WL#2373: Use cycle counter for timing

Affects: Server-5.5   —   Status: Complete

For WL#2360 Performance wait_events, we need to time        
procedures, e.g. waits for mutexes, frequently and        
unobtrusively.

Phase one: compare speed of RDTSC and gettimeofday() or
QueryPerformanceCounter.
Done.

Phase two: add cycle counters for non-x86 platforms.
Done.

Phase three: check that the test code does what the comments say,
check that the results are as stated in high-level specification.
Done.

Phase four: put cycle counter functions in server code.
Done. Phase four took place as part of WL#2360 work.

[ Note added by Peter Gulutzan 2009-11-02 ]
I have marked the code-review boxes "complete".
Reviewers were Vladislav Vaintroub, Olav Sandstaa, Kay Roepke.
Emails re review (and approvals of a change in late October)
are in lists.mysql.com/commits starting here:
http://lists.mysql.com/commits/74177


For WL#2360 Performance Schema, we need to time            
procedures, e.g. waits for mutexes, frequently and            
unobtrusively. After testing, I see that gettimeofday  
would be preferable on a few platforms, but a choice
of a low-level cycle counter is usually best.                

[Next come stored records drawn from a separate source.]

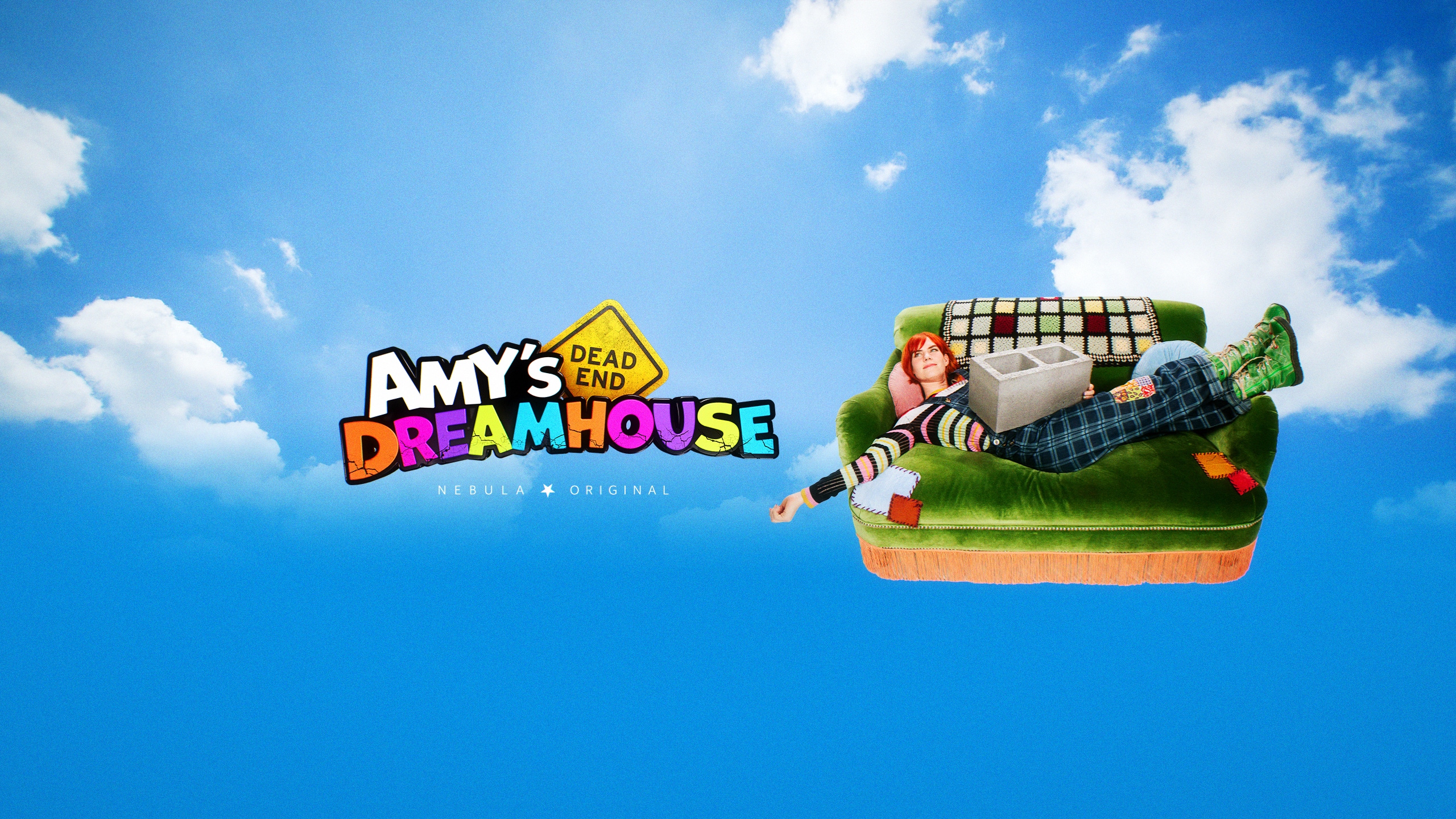Amy’s Dead-End Dreamhouse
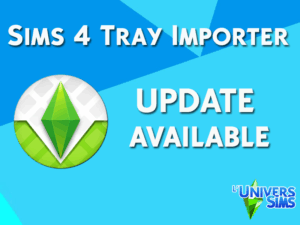 Sims 4 Tray Importer 2026 Download the Sims 4 Tray Importer for free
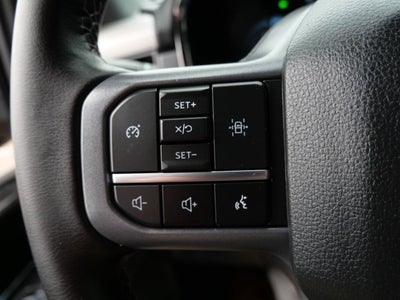 2023 Ford F-150 Lightning XLT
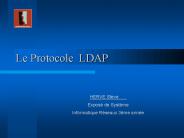 Le Protocole LDAP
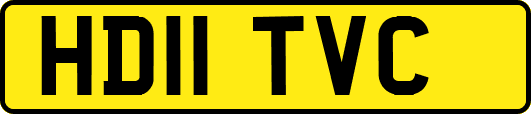HD11TVC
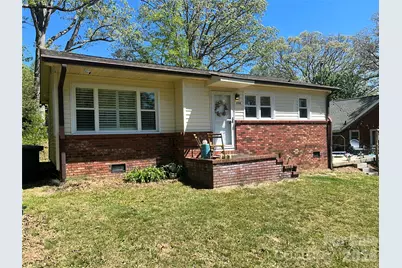 110 9th Street, Black Mountain, NC 28711 - Photo 1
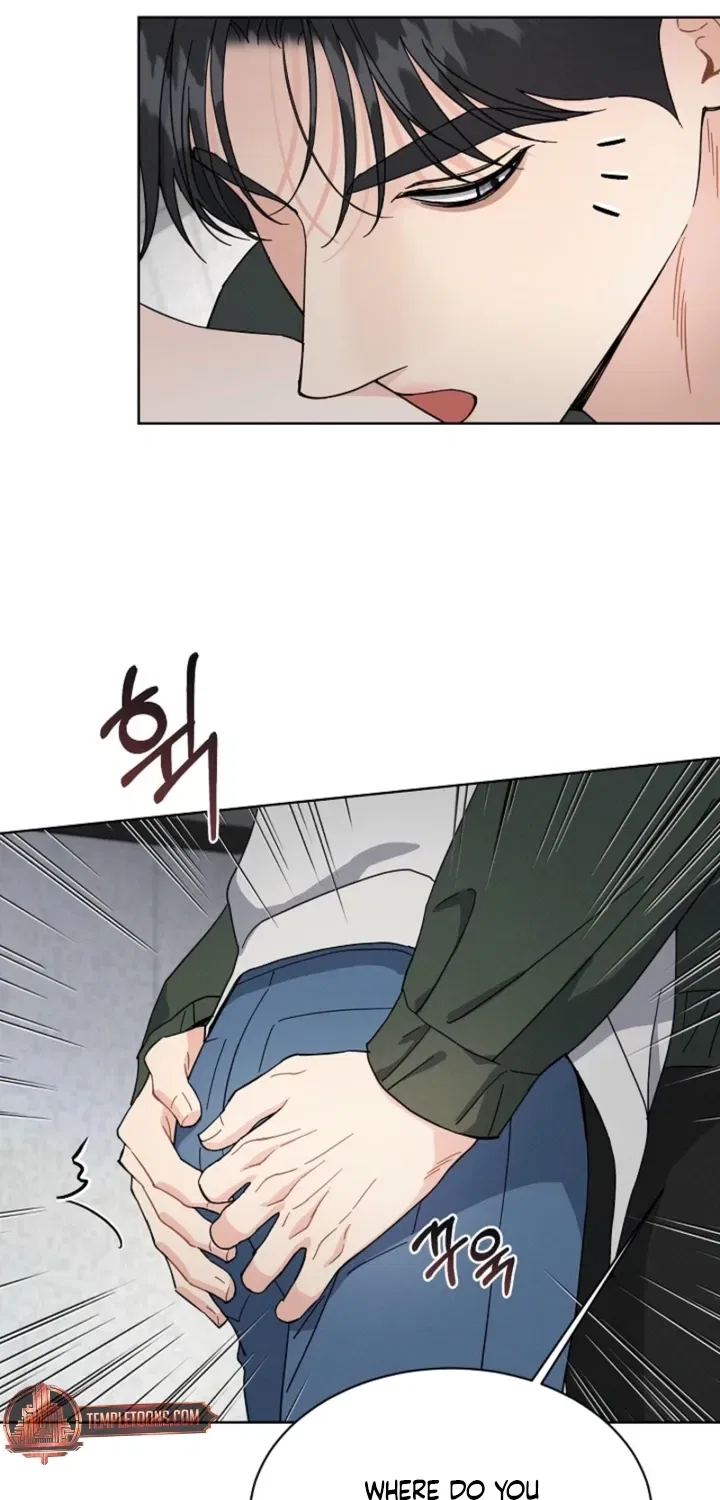 Affordable Romance Chapter 14 – Page 6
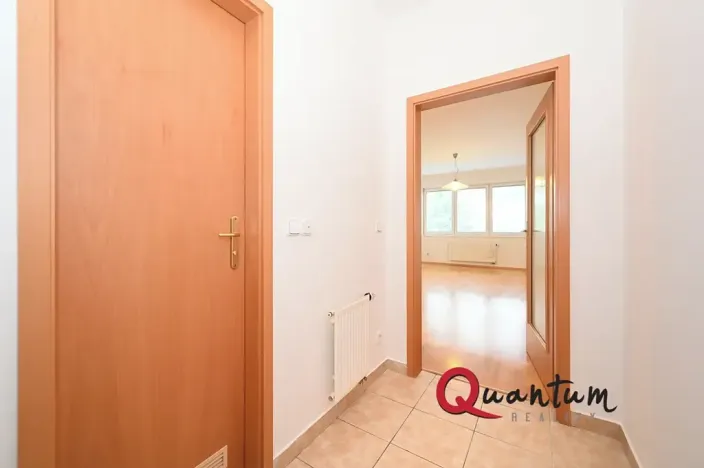 Pronájem bytu 1+kk, Praha - Michle, Jemnická, 30 m2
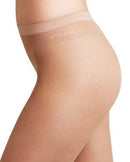 Pure Matt 20 Denier Tights - Sun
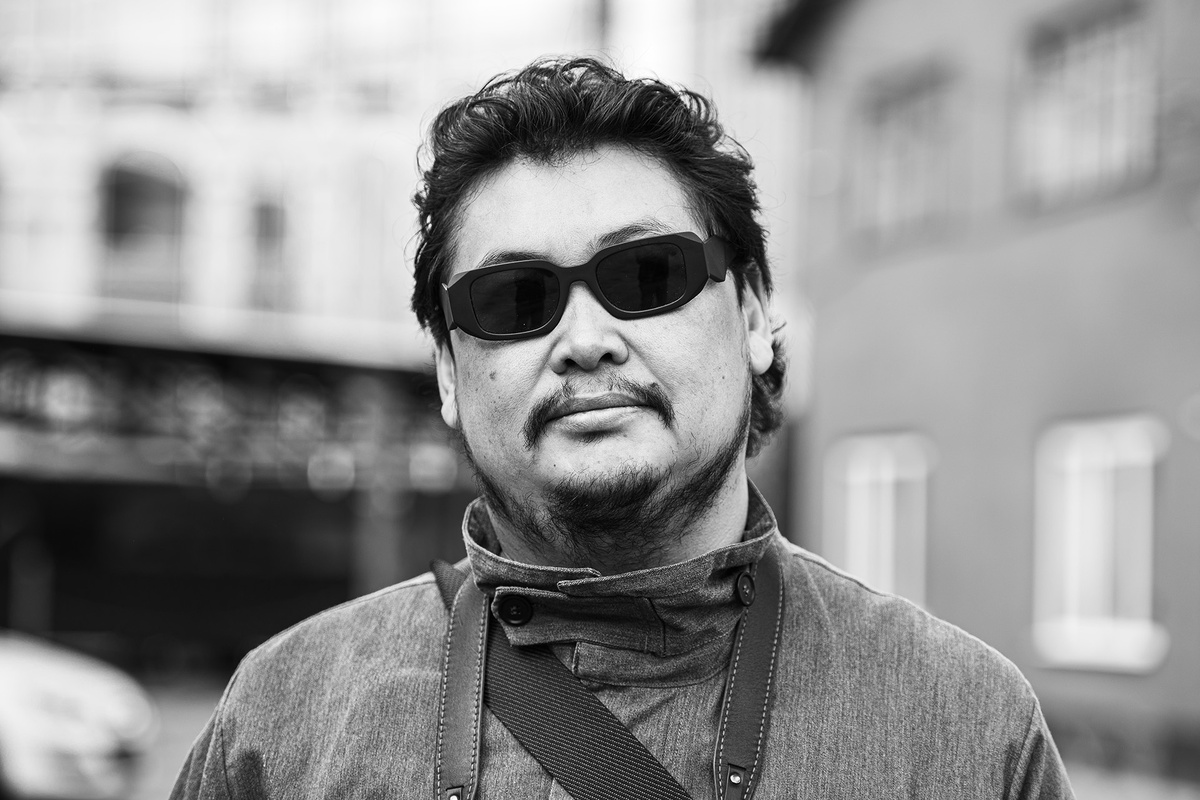    Аскар Узабаев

A cycle counter commonly returns the number of cycles that have            
gone by since the computer was last reset. Thus, on a            
1GHz Pentium which has been on for one second, the value            
of the cycle counter is 1 billion. With the assembler            
instruction RDTSC it's possible to get this value into            
registers. An example with gcc inline assembly:            
            
#include             
...            
#define RDTSC(val) \            
        __asm__ __volatile__ ("rdtsc" : "=A" (val))            
...            
long long time1;            
long long time2;            
...            
  RDTSC(time1); test1(); RDTSC(time2);            
  printf("speed: %lld\n",time2-time1);            
      
Other proposals      
---------------      
      
In the original version of this task, I suggested:      
"Others may be aware of something better [than a cycle      
counter], we'll see.". Some people noted that we      
already have my_getsystime(), gettimeofday(), clock_gettime(),      
and other variants of wall-clock-time functions.      
      
InnoDB already uses gettimeofday for mutex timing, see           
ut_usectime() in .../innobase/ut/ut0ut.c,           
mutex_spin_wait() in .../innobase/sync/sync0sync.c.       
      
Since the performance-schema plan would require "getting the time"      
thousands, perhaps many thousands, of times per second, I suggest
that the overhead of gettimeofday, compared to rdtsc, is unacceptable.
This suggestion is testable.      
 
Tests
-----

I attach four files to this task: rdtsc3.c, configure.in, rdtsc3_notes.txt,
my_timer_cycles.il. (Marc Alff took whatever code was necessary and put it
in the mysql-6.0-perf tree so the attachments are only of importance for
archivists.)

Instructions (how-to-compile and how-to-interpret) are in rdtsc3.c comments.
Using rdtsc3 I timed a procedure which contained RDTSC itself, and all the
alternatives (gettimeofday, clock_gettime, gethrtime, ftime, etc), and all
the assembly-level non-x86 equivalents (itc, mftb, etc.). I ran rdtsc3 on
all the available MySQL machines listed in the "development machines" wiki,
[internal mysql address]/wiki/DevelopmentMachines. Most tests are from 2006.
The complete results are in rdtsc3_notes.txt. For illustration here are
the lines for just one machine:
  ROUTINES
  --------
  Platform   Cycles           Nanoseconds      Microseconds Millis Ticks
  --------   -----------      -----------      ------------ ------ -----
  production asm_x86          clock_gettime*!  gettimeofday ftime  times
  "*" means: clock_gettime resolution is actually microseconds
  "!" means: clock_gettime required linking of librt.so
  ...
  OVERHEAD
  --------
  Platform   Cycles Nanoseconds Microseconds Milliseconds Ticks
  --------   ------ ----------- ------------ ------------ -----
  production     88        4116         3888         4092  2044
The lines mean: "on production.mysql.com the cycle counter is in
assembly-language for x86, the nanoseconds can be requested with
clock_gettime() but the result is really microseconds; the microseconds
are done with gettimeofday(); the milliseconds are done with ftime();
the ticks are done with time(); the overhead for the cycle counter i.e.
RDTSC is 88 cycles; the overhead for the microseconds counter i.e.
gettimeofday() is 3888 cycles."

On some platforms (e.g. sunfire280 compiled without -m64) cycle counter and
gettimeofday() are nearly the same; on most machines (e.g. sol10-x86,
win2003-x, ita2) cycle counter is from 5 to 20 times faster;  on some
machines (e.g. win2003-amd64, production) RDTSC is more than 40 times faster.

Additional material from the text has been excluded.